Monday, July 18, 2011

Ditching Euro No Option for Greeks Who Endured History of Drachma Hardship

Bloomberg
July 18, 2011

Minos Kleidis is the Greek the world’s television cameras don’t see.

When police and protesters clashed in central Athens on June 28, Kleidis and half a dozen of his workers rushed to pack up chairs and tables and lock themselves into the restaurant they manage on Syntagma Square. Kleidis says the 48 hours of rioting caused 20,000 euros ($28,224) of damage, including smashed marble, broken pipes and burnt umbrellas.

“It takes a week to make that sort of money,” Kleidis, 33, said. “The exasperation, disappointment and worry about our country are justified.
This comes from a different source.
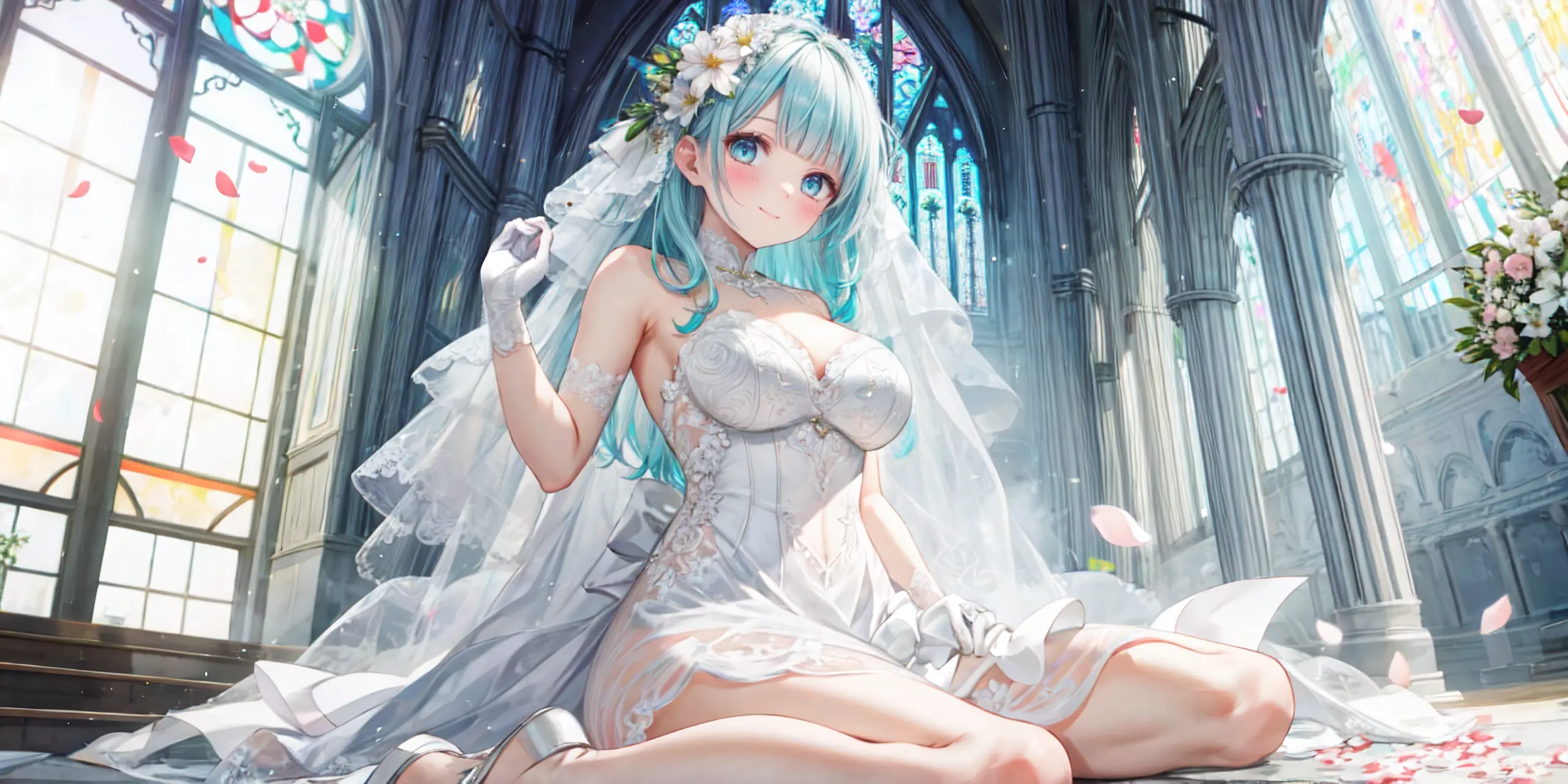HENTAI-AI 6月カバーイラスト(ジューンブライドバージョン) 30pic AI生成エロ画像-79803
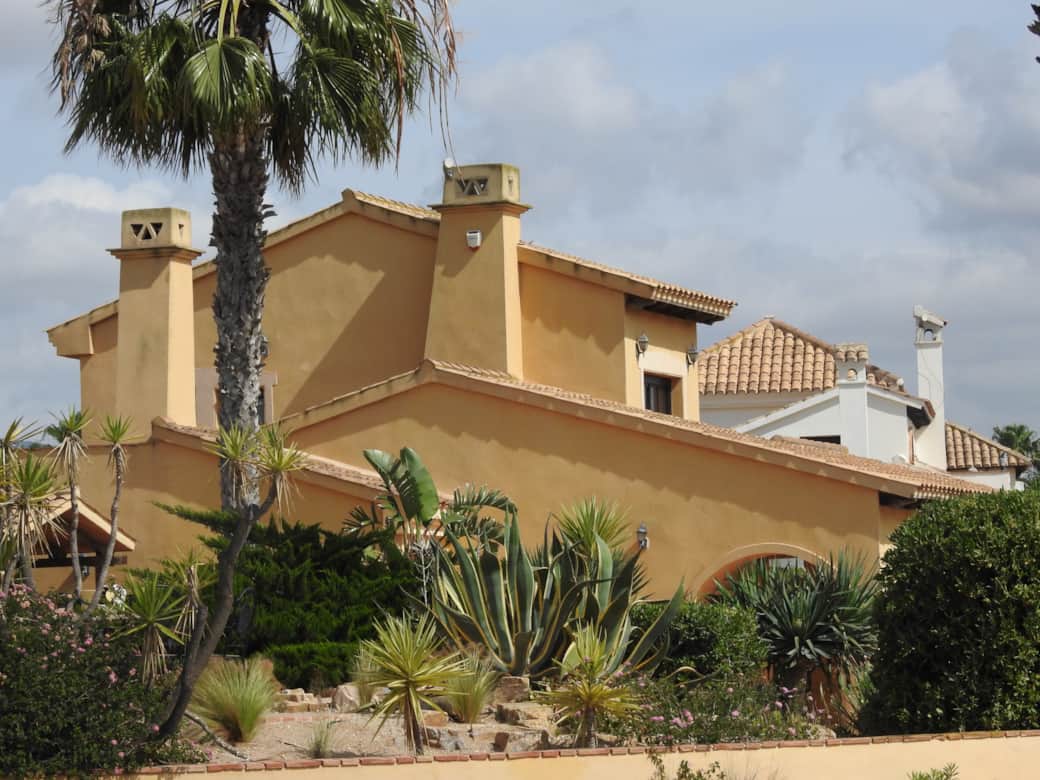Villa side view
The violence isn’t.”

Thirty years after Greece became a member of what’s now the European Union and more than a decade after it swapped the drachma, one of the world’s oldest currencies, for the euro, Greeks like Kleidis are on the frontline of the government’s attempts to prevent the region’s first debt default.

As Athenians tally the cost of last month’s riots, most Greeks acknowledge financial stability and the cost of keeping the euro comes with more sacrifice for a country where parents and grandparents endured occupation by the Nazis, famine, hyperinflation, civil war and then a military dictatorship.

“The challenge is to create a healthy and more productive economy,” said Riccardo Barbieri, the London-based chief European economist at Mizuho International Plc, who wrote research reports on Greece in the four years before the nation adopted the euro in 2001. “This is about a country changing its skin. No one can be happy with paying more taxes, having their salary cut, losing their jobs or risking losing their jobs.”